• _TASK OBJECTIVE_
Retype the data that follows line by line, exactly, and leave its pictures out.

• _COLLECTED DATA_
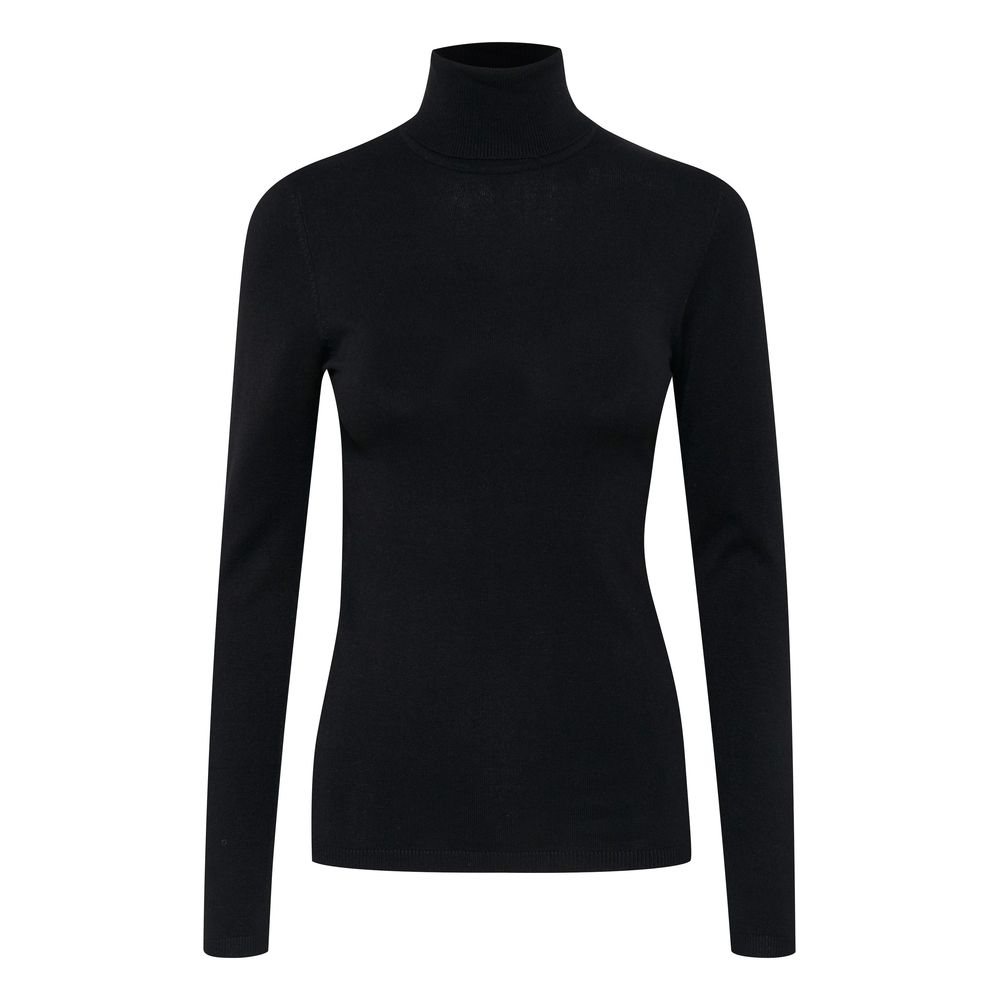 ICHI – Rollkragenpullover aus schwarzer Viskose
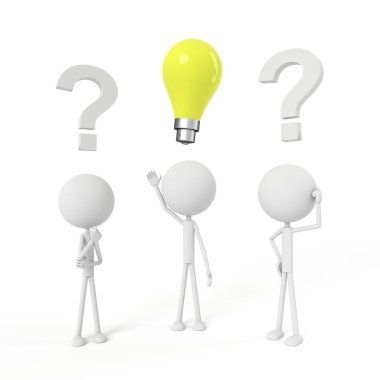 İnsanlar model olur ve fikirleri olur. 3B görüntüleme.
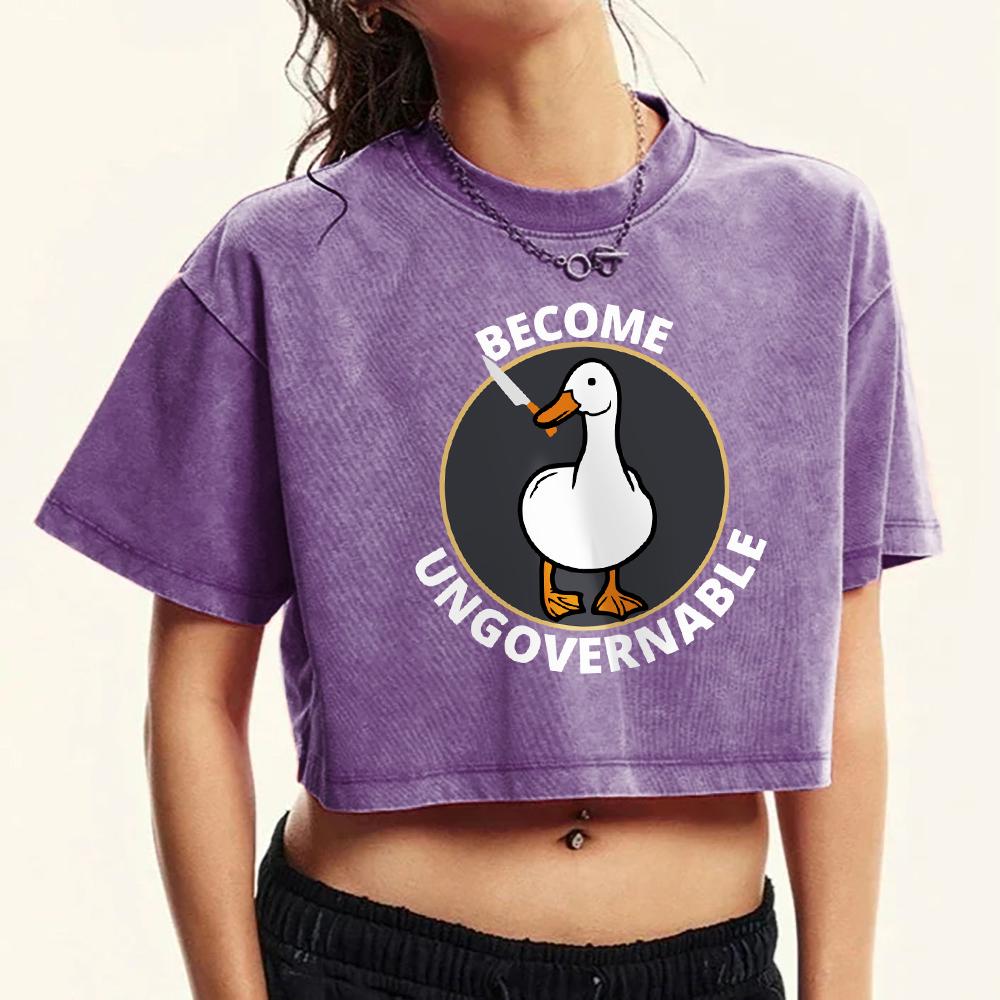 

Принты «Утенок с ножом» Женская стираная футболка для фитнеса Y2K Уличная повседневная футболка из хлопка XL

• _SOLVED PROBLEM_
 ICHI – Rollkragenpullover aus schwarzer Viskose
 İnsanlar model olur ve fikirleri olur. 3B görüntüleme.

Принты «Утенок с ножом» Женская стираная футболка для фитнеса Y2K Уличная повседневная футболка из хлопка XL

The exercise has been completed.